WHAT YOU SHOULD DO: Every line in the records below that holds "𝗦𝘄𝗶𝗻𝗴" must be identified and copied.

TASK INPUTS:
------------------------------------------------------------------------

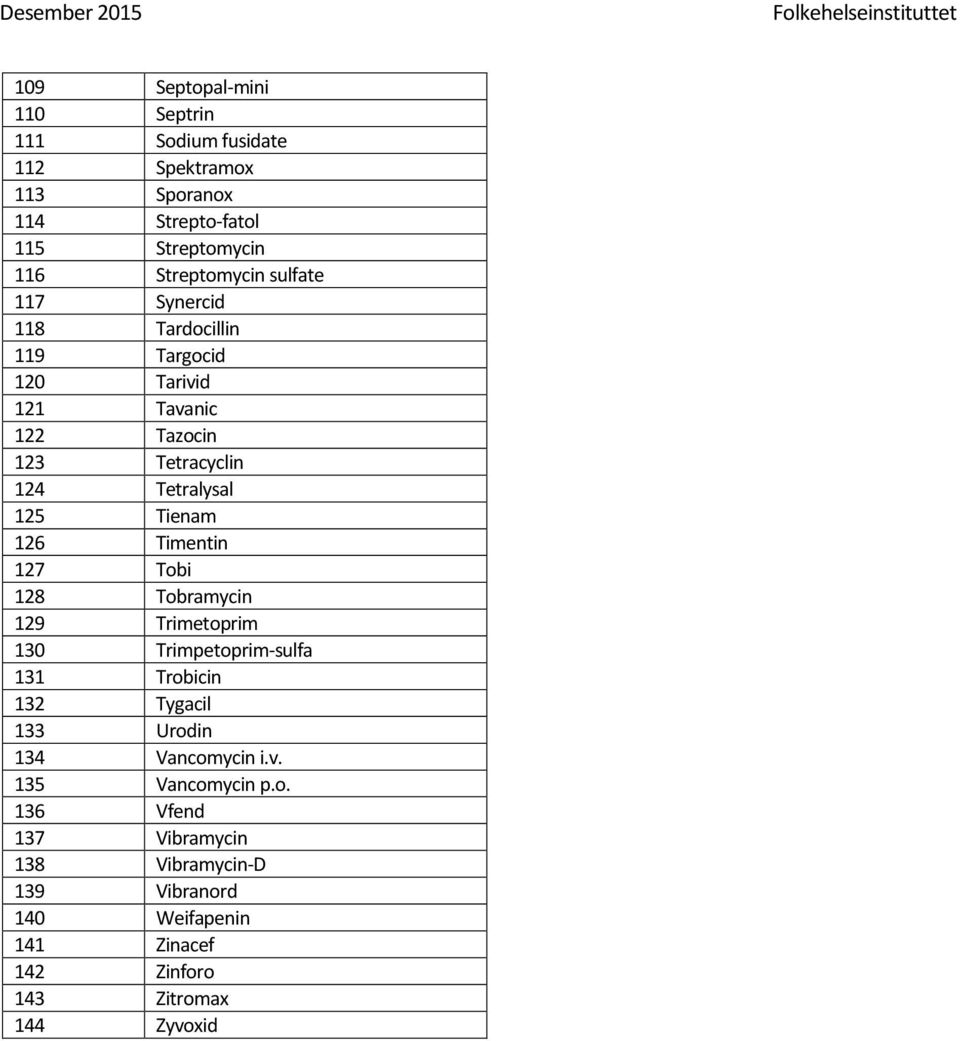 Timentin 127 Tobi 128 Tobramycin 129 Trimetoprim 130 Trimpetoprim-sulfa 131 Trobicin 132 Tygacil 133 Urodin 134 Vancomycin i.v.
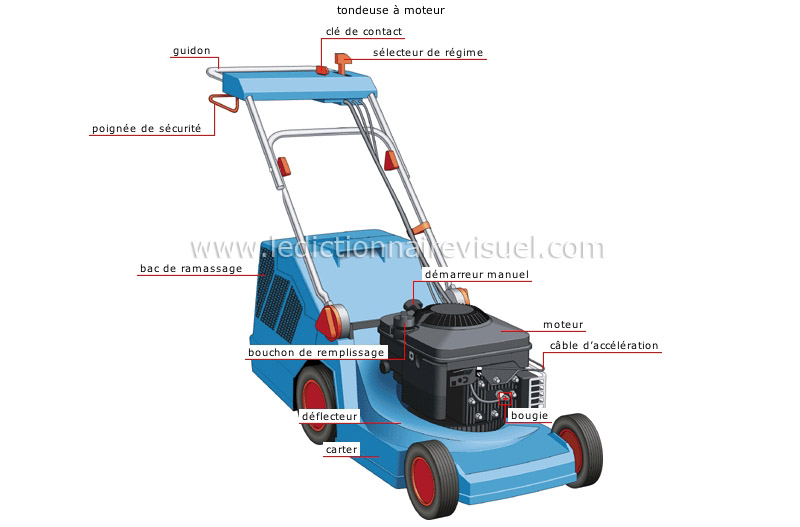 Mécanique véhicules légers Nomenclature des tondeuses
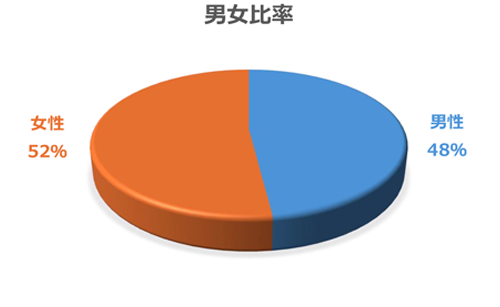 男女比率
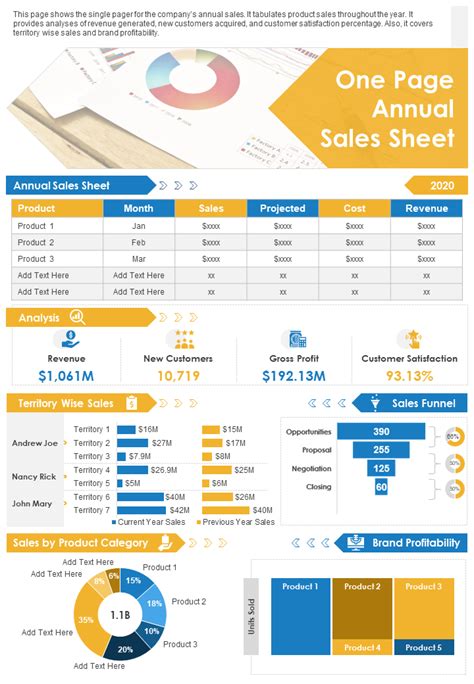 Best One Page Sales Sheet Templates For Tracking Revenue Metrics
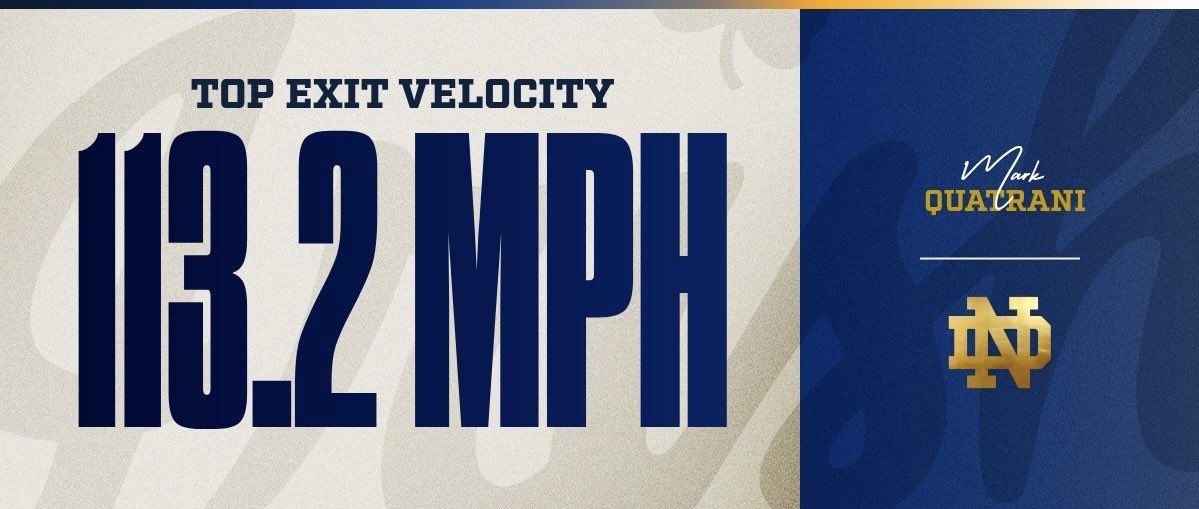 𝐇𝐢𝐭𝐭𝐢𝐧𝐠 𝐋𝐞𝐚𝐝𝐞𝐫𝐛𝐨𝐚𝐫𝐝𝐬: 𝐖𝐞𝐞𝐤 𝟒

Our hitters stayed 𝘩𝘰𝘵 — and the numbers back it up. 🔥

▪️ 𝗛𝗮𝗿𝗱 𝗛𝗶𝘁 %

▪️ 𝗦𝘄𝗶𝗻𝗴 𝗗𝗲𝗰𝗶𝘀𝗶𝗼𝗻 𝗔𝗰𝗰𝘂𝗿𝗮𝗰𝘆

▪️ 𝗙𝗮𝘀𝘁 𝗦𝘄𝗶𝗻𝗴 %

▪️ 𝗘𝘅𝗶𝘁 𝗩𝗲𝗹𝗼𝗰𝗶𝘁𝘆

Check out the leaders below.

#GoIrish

------------------------------------------------------------------------

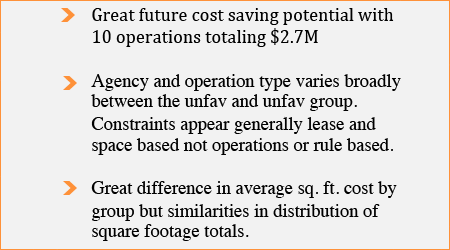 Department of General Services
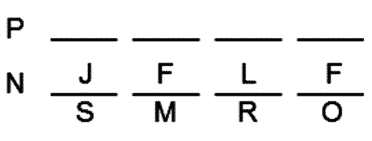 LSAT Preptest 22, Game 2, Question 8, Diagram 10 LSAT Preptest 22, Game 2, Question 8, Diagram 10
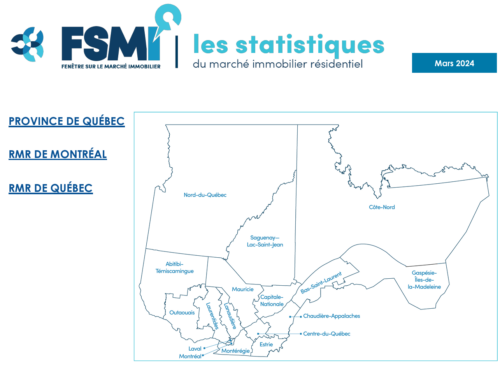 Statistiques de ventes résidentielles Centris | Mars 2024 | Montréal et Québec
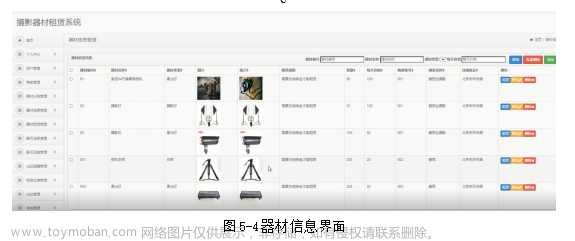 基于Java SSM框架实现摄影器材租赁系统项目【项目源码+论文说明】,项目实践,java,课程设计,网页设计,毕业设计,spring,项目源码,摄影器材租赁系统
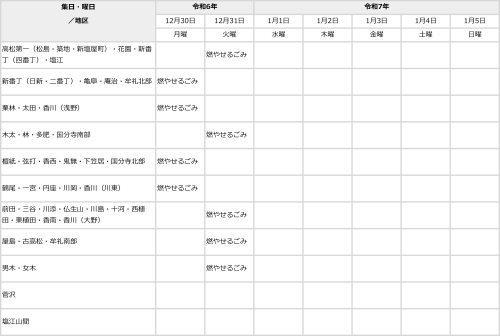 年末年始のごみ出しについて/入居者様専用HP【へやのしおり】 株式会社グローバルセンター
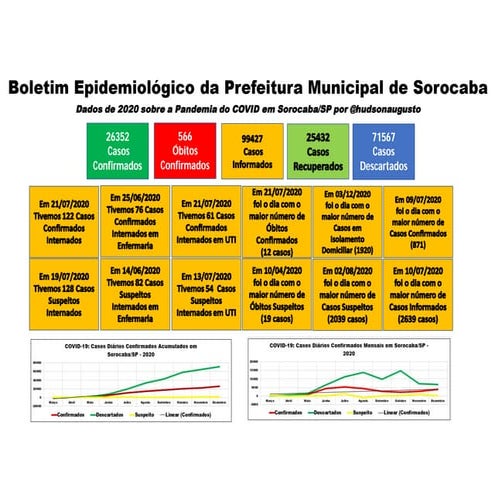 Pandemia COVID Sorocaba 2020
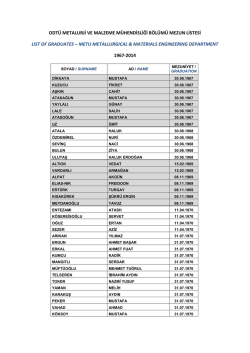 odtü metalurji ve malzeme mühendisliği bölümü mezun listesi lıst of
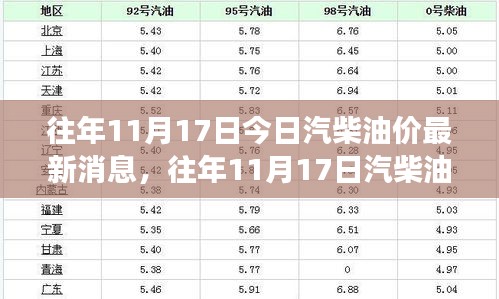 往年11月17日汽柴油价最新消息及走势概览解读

------------------------------------------------------------------------

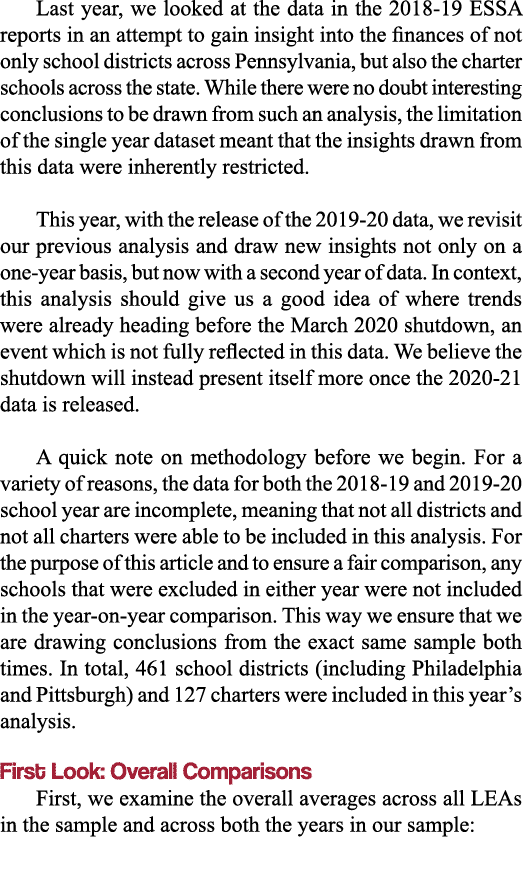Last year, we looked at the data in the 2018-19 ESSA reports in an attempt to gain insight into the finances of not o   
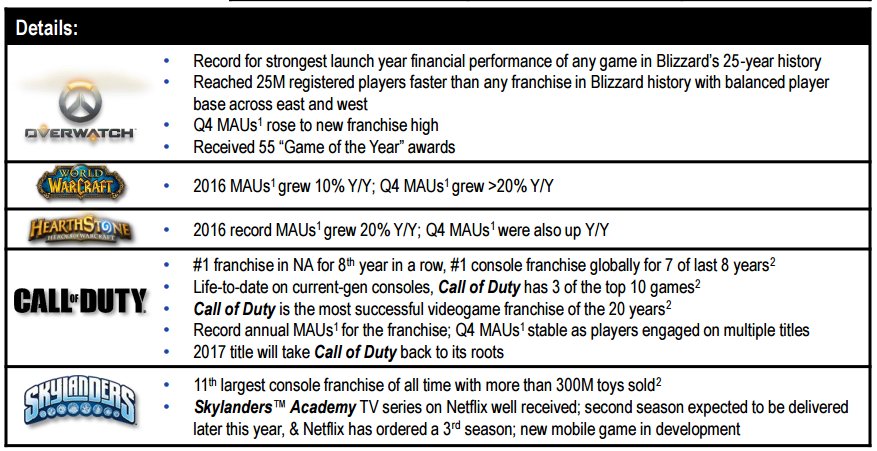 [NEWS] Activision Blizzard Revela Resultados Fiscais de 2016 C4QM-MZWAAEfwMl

------------------------------------------------------------------------

THE ANSWER:
▪️ 𝗦𝘄𝗶𝗻𝗴 𝗗𝗲𝗰𝗶𝘀𝗶𝗼𝗻 𝗔𝗰𝗰𝘂𝗿𝗮𝗰𝘆
▪️ 𝗙𝗮𝘀𝘁 𝗦𝘄𝗶𝗻𝗴 %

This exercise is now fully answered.